During all this repair process, Bev has been talking to the owner’s wife who can speak a little English and to her daughter, about 10 years old. The daughter has been taking English in school and is very eager to put her lessons to use. She asks to look inside the RV and Bev obliges. She is in awe and gushes to her mother about the RV. Later on she returns with her cousins and asks if they can all look inside. This time the daughter gives the tour, pointing out “bedroom”, “bathroom”, etc in English. Then she suddenly sees my radio controlled airplane hanging from the bedroom ceiling and exclaims “avion” to her cousins. They are all excited to be able to look around.

I tell Pedro that we are leaving early in the morning and ask him what we owe for the two days. Wisely he offers US$15 and I give him 180 pesos. I could have suggested zero but considering the damage was done while off of his property, I can understand his point. From my perspective, his is partially responsible for not having his gate open and for having a misleading sign. If he had asked for full rate, I would have flatly refused.

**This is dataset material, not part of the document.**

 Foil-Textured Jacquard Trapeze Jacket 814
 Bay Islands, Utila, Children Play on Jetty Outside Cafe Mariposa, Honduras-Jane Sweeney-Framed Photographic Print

It turns out that Pedro and his wife Susan also own a restaurant down the road towards the city. We opt to eat out and try out their restaurant. As we enter, we are greeted than none other than the daughter, who is gushing over us. She is so excited to see us and use her English. We both enjoy our meals in the lovely restaurant and we are the only customers. The food was excellent and inexpensive. I am sure this is their low season, as there would be no way they could keep a nice place going for long.

Friday, December 4, 2009

Dec 4 Ups & Downs and a Real Downer


Ciudad Victoria sits at an elevation of about 900’ but just to the west the hills blend into mountains. Our day starts out 9C at about 9 AM. The planned route will take us on Hwy 126, by-passing a section of Hwy 110, which looks on the map as a really squiggly line, with a few switch-backs thrown in. We climb up the mountains in the morning mist and rain, trying to get a view of what should be spectacular…if only we could see it.


Up we climb to about 3600’ and the mountains open up into a wide, mostly flat valley. As we descend into the valley, we enter whole new weather system, sunny and warmer at about 18C.

Entering a tunnel

Down into the valley. Sunshine ahead!


There doesn’t seem to be much in the way of industry or farming here. In some spots, there are roadside vendors selling dried snake skins and some sort of animal skins. Who would ever buy this stuff is beyond me.

Nice view of some flat-topped mesas.







We are surrounded by mountains.


By 10:45 AM we are climbing back up towards 3600’ again and the temp drops down to 12C. We stop at a Pemex  to fill up at 7.7 pesos per liter, equivalent to about 68 cents Canadian. Fuel mileage is holding at 7.1 US mpg, which we consider very good considering the mountain climbs we have done.

We turn onto Hwy 57 about 120 km from San Luis Potosi, our first 4 lane divided highway since being in Mexico. In San Luis Potosi,, we take the north east ring road, by-passing the city centre, to get to our campground in Mexquitic. This road is terrible…tope after tope of various shapes and sizes. At times we would hit topes that were spaced exactly the length of our wheelbase. You have to come to a near stop and crawl over the topes. It makes for very slow progress. Combined with the ups of the topes, there are potholes too. By the time we are able to turn off the ring road and onto Hwy 49, we have just about had it.

As we approach the campground, we see that the gates are closed but there is a sign that say “abierto” or open that seems to point down the road. We spy a lane that looks to lead to the rear of the property and start down. There is big tree right in the middle of the lane and I choose the left side. Bev is concerned that it isn’t wide enough but I know we can make. We didn’t. It was wide enough but not high enough. We hear scraping and crunching sounds from above, as a low hanging limb takes its toll.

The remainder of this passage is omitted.